Jej autorką jest dr Jolanta Ambrosewicz-Jacobs, dyrektor Centrum Badań Holokaustu Uniwersytetu Jagiellońskiego. Kwestionariusz zbudowany jest tak, że respondenci mają powiedzieć czy zgadzają się, czy też nie, ze stwierdzeniami w nim zawartymi.

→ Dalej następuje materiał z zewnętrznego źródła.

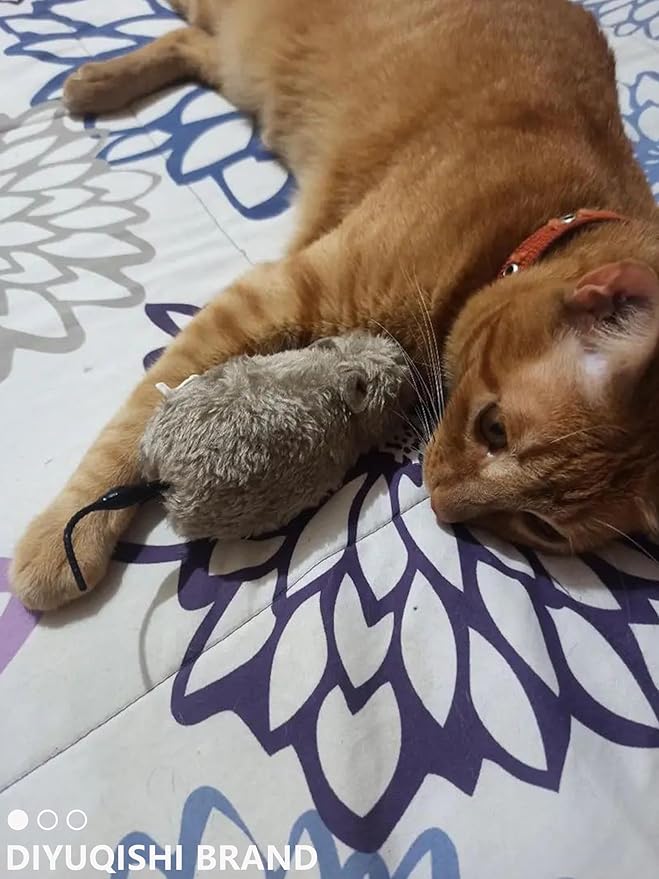 14 Pcs Cat Toys, 1.5" to 6.3", Lightweight, Interactive, Assorted Colors, Cat Toy Balls for Kitten Training and Play, for All Breed Sizes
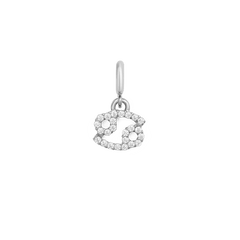 Zodiac Watch Charm Silver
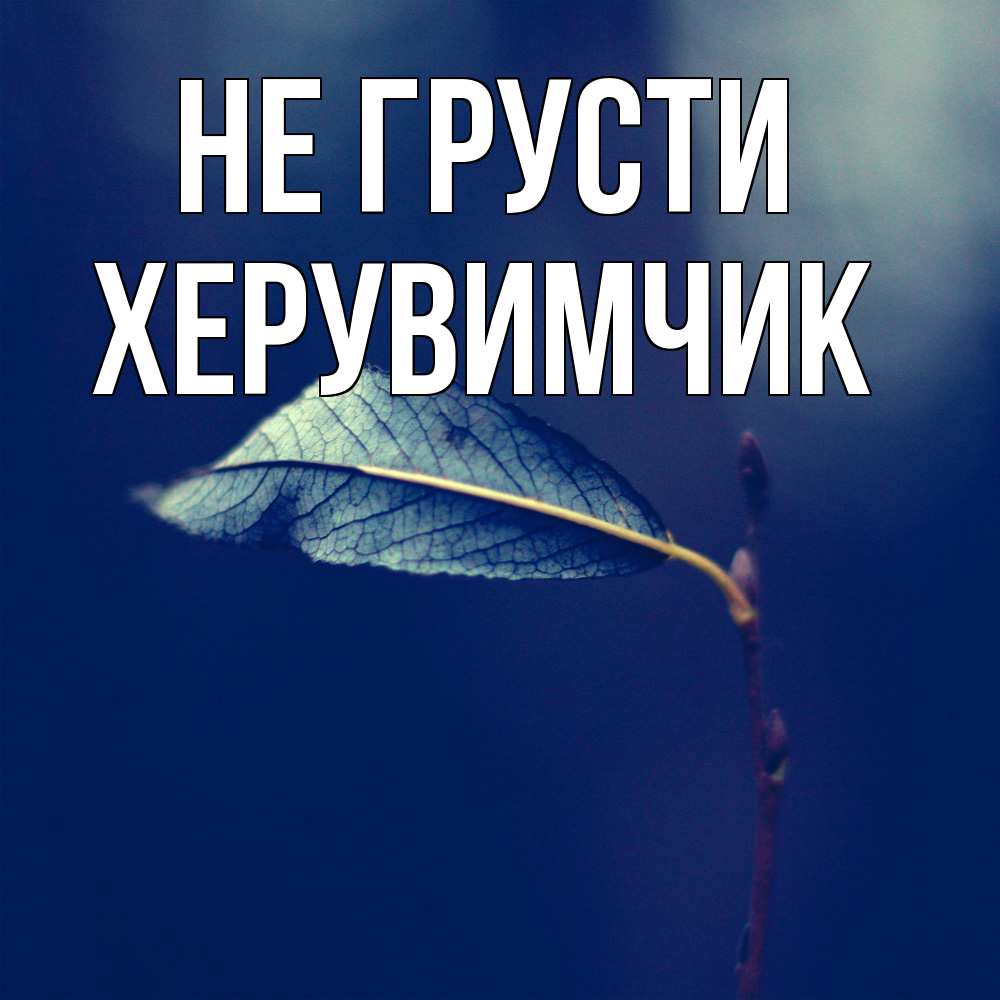 Открытка на каждый день с именем, Хеpувимчик Не грусти растение Прикольная открытка с пожеланием онлайн скачать бесплатно 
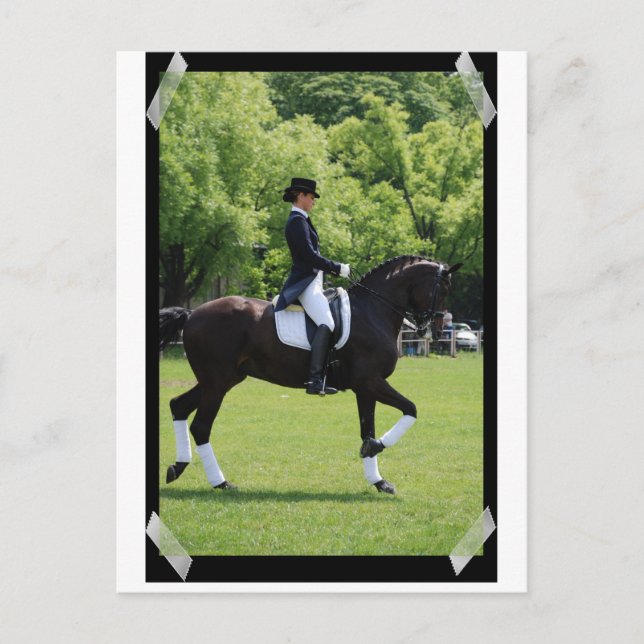 Dressage Horse Show Rider on Postcard (Front)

Kontrowersje budzić mają pytania, na które odpowiedzieć ma badana młodzież. Wśród nich znajdują się takie: "Niektórzy ludzie twierdzą, że wiele zbrodni w obozie w Oświęcimiu i w innych obozach koncentracyjnych w rzeczywistości nie miało miejsca"; "Niektórzy uważają, iż Holokaust nie jest ważny dzisiaj, ponieważ miał miejsce ponad 60 lat temu"; "Żydzi mają zbyt duży wpływ na niektóre dziedziny życia społeczeństwa polskiego " czy "Na współczesnych Żydach ciąży odpowiedzialność za ukrzyżowanie Chrystusa".
Badanie czy pranie?
Zdaniem części akademików, takie stwierdzenia mogą wzmacniać antysemickie stereotypy. – Jestem ciekaw, czy twórcy tego narzędzia zdają sobie sprawę, że budzi ono, utrwala, a nawet rodzi negatywne stereotypy – pyta psycholog społeczny Jacek Santorski. – Jest to po prostu źle skonstruowane narzędzie badawcze – skwitowała Maria Flis, socjolożka z Uniwersytetu Jagiellońskiego. – Choć z logicznego punktu widzenia formularz zawiera pytania, to jednak z psychologicznego punktu widzenia są one negatywnym przekazem - uważa Flis.
Z krytyką ankiety nie zgadza się socjolog z Uniwersytetu Warszawskiego, Ireneusz Krzemiński, autor raportu "Antysemityzm w Polsce i na Ukrainie". – To nie jest tak, że nastolatek słyszący pytanie: „Czy zgadzasz się, że Żydzi mają zbyt duży wpływ na sytuację w kraju?”, natychmiast zacznie tak myśleć. On odpowie szczerze, jak myśli - powiedział w rozmowie z dziennikiem "Polska". I zaznaczył: - To jest cały czas sondaż, a nie pranie mózgu.
Ankieta została rozesłana do losowo wybranych liceów. Tysiąc uczniów miało odpowiedzieć na 63 stwierdzenia.